Zu Beginn wurden alle Zelte der angereisten Initiative und Besucher rund um das weiße Zelt aufgebaut. Beim gemeinsamen Grillen entstand ein reger Austausch über Kunst-Projekte, Stipendien sowie über die Kunstszene der verschiedenen Regionen Süddeutschland, Münsterland, Bergisches Land und Ruhrgebiet. Im Gespräch entwickelte Fessler spontan ihre Idee für die Performance. Nach Einbruch der Dunkelheit verschwand sie im erleuchteten Zelt. Von dort war nur ihre Stimme zu hören und je nach Position auch ihre Silhouette zu sehen. Sie hielt Gegenstände von innen an die Zeltwand, welche das Publikum erraten konnte: „Was benötigen wir zum Campen?“ Die Gegenstände wirkten schattenhaft und erzeugten je nach Farbe ein buntes Lichtspiel hinter dem weißen Zeltstoff. Es kamen eine lange Hose, Unterhose, eine Socke, ein orange durchscheinender Schirm, eine Trillerpfeife, eine Zahnbürste, Deo, Klebeband, Zeltheringe und Nahrungsmittel wie Äpfel und Paprika zum Vorschein. Waren es zu Beginn der Performance noch reale Gegenstände, die präsentiert wurden, kamen später aus rotem Papier geschnittene Objekte zum Einsatz. Es entstanden außergewöhnliche Bilder, beispielsweise ein scherenschnittartiges Portrait vom Großvater der Künstlerin, eine Wurst, die durch eine richtige Einschneidetechnik zu einer Palme transformiert werden konnte und ein Fisch, der einen weiteren Fisch in sich trug. Die Aktion bekam so eine faszinierende Dramaturgie: Es vollzog sich eine Entwicklung von der Wahrnehmung realer, leicht erkennbarer Alltagsgegenstände hin zur freien Assoziation über originelle Objekte. Diese Bilder gaben Anlass für zahlreiche Ideen, Imaginationen und Fantasie –  ein beeindruckendes Erlebnis  für das Publikum. Schon das Camping-Equipment erfuhr durch das Licht und die Zeltwand eine Verfremdung, doch durch den Wechsel zu den farbigen Scherenschnitten wurde die Aktion aus Bild, Sprache und Handlung immer fantastischer.

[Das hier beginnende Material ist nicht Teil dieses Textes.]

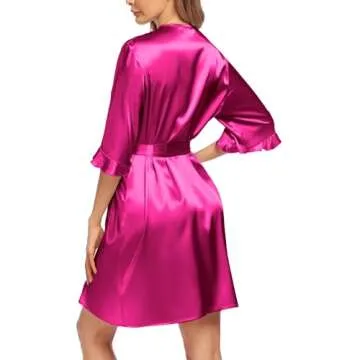 Ekouaer Women's Satin Robe Valentines Lingerie for Women Kimono Bathrobe 3/4 Sleeve Ruffle Belted Robes Bridesmaids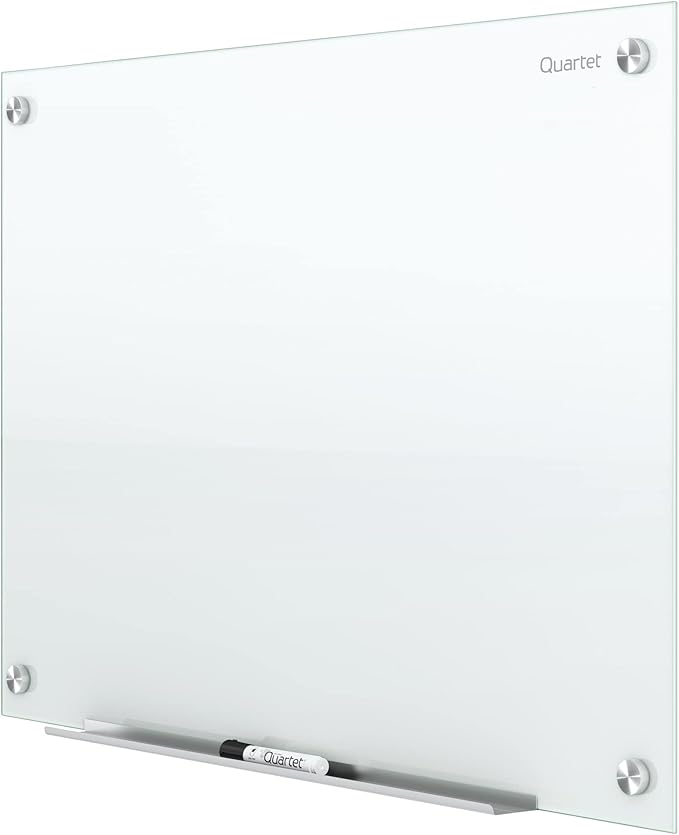 Quartet Dry Erase Board, Glass Whiteboard 96"W x 48"H, Non-Magnetic, Infinity, White (G9648NMW)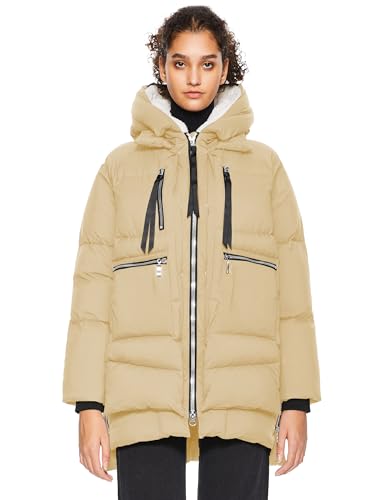 Orolay Women's Winter Puffer Jacket - Fleece Lined Hooded Down Coat Casual Overcoat with Pockets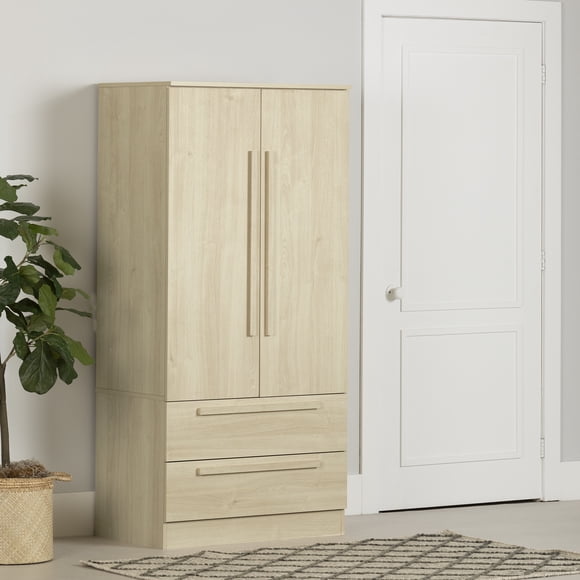 South Shore Acapella Wardrobe Armoire with Doors and Drawers, in Bleached Oak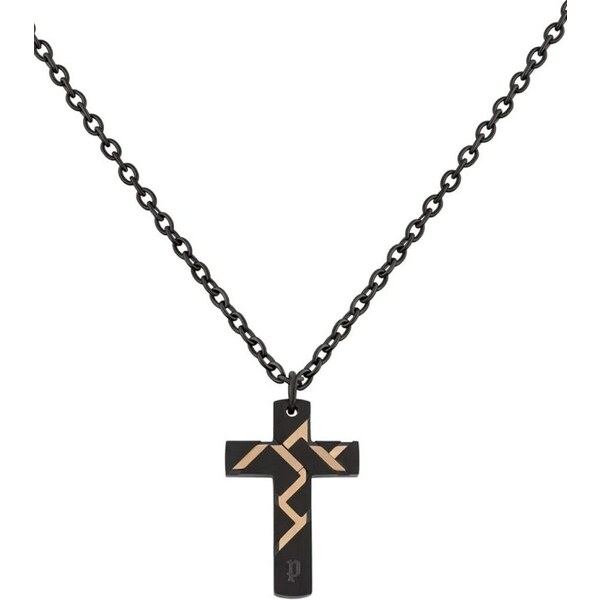 Police Čierny oceľový náhrdelník s krížikom Munnar PJ26478PSBR01 66588107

Nach der Performance blieb das von der Künstlerin bewohnte Zelt die ganze Nacht hindurch weit über den Campingplatz hell leuchtend sichtbar. Fessler hat mit ihrem Zeltobjekt und ihrer Performance verdeutlicht, dass das Zelt beim Campen zwar eine private Wohnstätte ist, jedoch alles, was im Innern passiert, von außen akustisch und bei Dunkelheit mit Innenbeleuchtung auch optisch gut wahrnehmbar wird. Mit dem weißen Zelt setzte sie für eine Nacht eine eindrucksvoll illuminierte Skulptur in die Natur des Campingplatzes und belebte es durch ihre menschliche Präsenz. Ihre Performance wurde eine Bilderreise mit faszinierenden Licht- und Schatteneffekten.


Der zweite Preisträger, Thomas Prautsch, wird sein Stipendium im Frühjahr 2015 auf einem Campingplatz im Münsterland absolvieren.


Auch wenn die finanzielle Vergütung der Stipendiaten nur symbolisch ist, bietet dieses Stipendium umso mehr ein persönliches Engagement und kollegiale Herzlichkeit. Es ist für Bildende KünstlerInnen ein gutes Forum zum Experimentieren und um eigene Kunstprojekte über die Idee hinaus an einem ungewöhnlichen Ort zu realisieren. Über das Stipendium wird es von der Initiative durch finanzielle Unterstützung von Freunden zu einem späteren Zeitpunkt eine Dokumentation geben.